The number of fire service personnel was also far behind the required strength; the count was 55,000 in 2019, while the recommended strength was 5,60,000 almost a decade ago. Clearly, the expansion of the response system to fire incidents hasn’t been a priority of the state governments, and in turn, the municipal bodies have to manage resource-deficits in combating raging fires. Along with the equipment, access to the site also poses a key question, as urban congestion has made the reachability of many affected areas a challenge in moments of crisis.
Besides shared public buildings and public spaces, private residential spaces are also vulnerable to fire tragedies. The very day the recent Delhi child care centre fire broke out, another fire tragedy was reported in a residential block. In fact, on May 28 and May 29 alone, the Delhi fire service reported receiving 183 calls of fire incidents, and not all of them could be from public buildings or factories. That makes the question of access to housing structures important for fire service personnel, and in turn, the prompt availability of firefighting response is a matter of critical importance for the residents.
The question of compliance or stricter accountability measures often takes the form of legalistic reflex action to one fire tragedy or another—some of them etched more deeply in public memory, like the Upahar cinema fire tragedy of 1997 in Delhi or the Kumbakonam fire tragedy of 2004 in Tamil Nadu, in which 94 schoolchildren and a teacher were burned to death. Sometimes they have meant protracted legal battles, and the court proceedings in both of these horrific tragedies are striking examples of the legal maze in which accountability often gets stuck. One may add to that the lack of regulatory will, if not incompetence, in monitoring a few little but insidious aspects of fire safety. One of these aspects, for instance, could be the safe storage of highly inflammable substances in many small workshops housed in congested spaces or the state of the wiring systems in buildings – two of the most common causes of fire hazards.
But far more than the glaring gaps in compliance and accountability, what’s strikingly clear is how many fire incidents fade away in invisibility, as if an adjunct of banal negotiations with life in plain sight.
Lore has it that, for almost 25000 years, Buddha cautioned the urban centre of Pataliputra against the dangers of fire, flood, and feud.
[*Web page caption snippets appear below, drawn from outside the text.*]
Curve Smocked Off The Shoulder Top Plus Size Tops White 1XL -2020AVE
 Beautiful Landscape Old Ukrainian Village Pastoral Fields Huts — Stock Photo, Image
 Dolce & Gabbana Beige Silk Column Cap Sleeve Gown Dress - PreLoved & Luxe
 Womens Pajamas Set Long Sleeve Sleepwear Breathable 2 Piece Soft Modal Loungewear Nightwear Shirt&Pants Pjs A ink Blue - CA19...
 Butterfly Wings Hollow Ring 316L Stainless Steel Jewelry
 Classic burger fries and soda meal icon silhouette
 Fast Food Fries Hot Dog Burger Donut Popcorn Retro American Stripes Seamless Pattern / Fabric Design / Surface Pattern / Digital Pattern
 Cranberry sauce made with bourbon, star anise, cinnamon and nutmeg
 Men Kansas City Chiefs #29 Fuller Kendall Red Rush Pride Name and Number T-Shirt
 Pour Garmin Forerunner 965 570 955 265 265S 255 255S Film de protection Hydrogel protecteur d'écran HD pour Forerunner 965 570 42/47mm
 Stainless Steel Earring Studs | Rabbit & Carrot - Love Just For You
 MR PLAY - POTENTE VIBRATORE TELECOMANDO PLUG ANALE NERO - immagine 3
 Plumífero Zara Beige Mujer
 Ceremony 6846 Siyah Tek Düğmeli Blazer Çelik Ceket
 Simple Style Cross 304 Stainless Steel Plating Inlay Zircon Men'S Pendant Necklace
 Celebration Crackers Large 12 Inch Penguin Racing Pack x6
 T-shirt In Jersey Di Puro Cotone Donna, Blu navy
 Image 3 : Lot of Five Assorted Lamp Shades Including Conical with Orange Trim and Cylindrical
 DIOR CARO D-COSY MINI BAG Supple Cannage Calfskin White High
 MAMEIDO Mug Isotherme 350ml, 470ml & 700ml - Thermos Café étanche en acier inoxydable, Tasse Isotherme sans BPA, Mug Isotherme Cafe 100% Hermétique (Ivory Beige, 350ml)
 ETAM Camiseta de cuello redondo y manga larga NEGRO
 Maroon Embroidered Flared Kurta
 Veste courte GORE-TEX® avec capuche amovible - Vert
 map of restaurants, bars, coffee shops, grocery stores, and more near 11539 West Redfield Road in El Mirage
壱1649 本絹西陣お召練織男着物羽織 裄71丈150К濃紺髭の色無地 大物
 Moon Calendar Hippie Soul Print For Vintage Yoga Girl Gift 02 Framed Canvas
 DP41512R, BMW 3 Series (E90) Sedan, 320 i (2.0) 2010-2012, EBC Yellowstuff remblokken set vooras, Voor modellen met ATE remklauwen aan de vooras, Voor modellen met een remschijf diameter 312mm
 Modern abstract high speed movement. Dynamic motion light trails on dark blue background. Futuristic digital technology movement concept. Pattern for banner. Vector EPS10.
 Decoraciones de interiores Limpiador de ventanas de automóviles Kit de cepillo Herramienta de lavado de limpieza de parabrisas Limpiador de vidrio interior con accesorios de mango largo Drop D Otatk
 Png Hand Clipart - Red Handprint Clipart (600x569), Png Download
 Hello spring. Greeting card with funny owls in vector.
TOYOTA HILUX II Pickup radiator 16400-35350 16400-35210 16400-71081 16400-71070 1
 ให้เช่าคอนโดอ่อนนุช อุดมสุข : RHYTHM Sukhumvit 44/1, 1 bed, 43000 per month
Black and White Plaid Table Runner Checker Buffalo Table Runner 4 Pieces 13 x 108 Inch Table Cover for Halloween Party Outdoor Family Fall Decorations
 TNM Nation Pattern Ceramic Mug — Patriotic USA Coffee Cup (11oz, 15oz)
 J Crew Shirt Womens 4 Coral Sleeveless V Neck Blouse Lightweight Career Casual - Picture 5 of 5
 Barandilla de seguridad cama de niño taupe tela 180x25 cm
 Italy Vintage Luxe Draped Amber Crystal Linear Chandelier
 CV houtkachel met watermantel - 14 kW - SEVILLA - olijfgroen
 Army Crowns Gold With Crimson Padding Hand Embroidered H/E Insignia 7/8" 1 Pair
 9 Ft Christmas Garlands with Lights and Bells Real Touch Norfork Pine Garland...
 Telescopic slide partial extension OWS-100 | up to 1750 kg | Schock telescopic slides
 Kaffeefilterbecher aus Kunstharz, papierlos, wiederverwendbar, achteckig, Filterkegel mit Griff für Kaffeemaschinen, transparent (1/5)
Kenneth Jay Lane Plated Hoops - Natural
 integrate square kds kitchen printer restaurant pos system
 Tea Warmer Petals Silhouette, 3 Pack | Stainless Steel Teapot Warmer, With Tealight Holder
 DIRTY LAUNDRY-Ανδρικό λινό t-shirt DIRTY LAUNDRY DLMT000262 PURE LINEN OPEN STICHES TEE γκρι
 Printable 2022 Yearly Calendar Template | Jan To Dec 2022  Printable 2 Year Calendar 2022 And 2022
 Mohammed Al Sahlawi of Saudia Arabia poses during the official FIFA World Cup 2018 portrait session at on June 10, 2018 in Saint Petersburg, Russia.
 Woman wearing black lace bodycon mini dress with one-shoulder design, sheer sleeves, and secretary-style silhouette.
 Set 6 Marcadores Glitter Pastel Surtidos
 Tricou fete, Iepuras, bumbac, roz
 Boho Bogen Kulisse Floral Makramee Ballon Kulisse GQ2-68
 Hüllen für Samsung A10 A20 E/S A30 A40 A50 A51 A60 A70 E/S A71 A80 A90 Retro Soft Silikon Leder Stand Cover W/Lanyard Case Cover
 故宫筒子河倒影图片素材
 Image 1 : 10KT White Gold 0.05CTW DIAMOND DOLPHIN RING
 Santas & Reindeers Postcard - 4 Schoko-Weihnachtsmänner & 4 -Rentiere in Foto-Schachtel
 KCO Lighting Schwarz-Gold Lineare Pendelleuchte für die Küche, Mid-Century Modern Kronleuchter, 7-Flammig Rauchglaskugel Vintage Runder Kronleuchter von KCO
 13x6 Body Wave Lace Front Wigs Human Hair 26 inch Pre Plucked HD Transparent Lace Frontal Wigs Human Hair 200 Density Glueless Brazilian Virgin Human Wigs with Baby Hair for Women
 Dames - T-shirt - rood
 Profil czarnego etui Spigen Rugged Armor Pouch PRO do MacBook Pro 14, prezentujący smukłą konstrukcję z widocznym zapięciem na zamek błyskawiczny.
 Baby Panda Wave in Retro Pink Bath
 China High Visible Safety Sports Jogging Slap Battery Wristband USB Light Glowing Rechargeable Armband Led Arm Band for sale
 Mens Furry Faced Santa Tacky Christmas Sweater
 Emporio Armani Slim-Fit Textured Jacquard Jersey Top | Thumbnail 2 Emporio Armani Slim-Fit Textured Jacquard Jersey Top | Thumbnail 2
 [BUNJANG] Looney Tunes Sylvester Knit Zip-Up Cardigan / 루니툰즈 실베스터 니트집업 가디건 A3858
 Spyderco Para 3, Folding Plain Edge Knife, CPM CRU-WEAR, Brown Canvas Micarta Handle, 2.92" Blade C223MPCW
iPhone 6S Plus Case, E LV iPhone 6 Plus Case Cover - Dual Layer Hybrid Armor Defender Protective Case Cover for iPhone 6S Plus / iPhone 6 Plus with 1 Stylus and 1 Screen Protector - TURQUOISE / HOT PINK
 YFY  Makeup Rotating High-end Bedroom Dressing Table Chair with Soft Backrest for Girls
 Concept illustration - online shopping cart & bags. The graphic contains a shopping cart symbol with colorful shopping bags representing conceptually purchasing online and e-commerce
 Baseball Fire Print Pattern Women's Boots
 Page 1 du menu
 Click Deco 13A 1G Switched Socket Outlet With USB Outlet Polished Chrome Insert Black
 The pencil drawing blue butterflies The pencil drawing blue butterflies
While urban flooding is now becoming a part of modern metropolises, the raging threat of fire seems to be engulfing India’s urban settlements far more frequently than their residents would like to forget. The major tragic incidents in Rajkot and Delhi shake off the invisibility of the threat for a while before one gets back to the daily capsules of fire claiming life and property in the inside pages of newspapers. The everyday fires burn as much, snuffing out lives in the most horrific ways.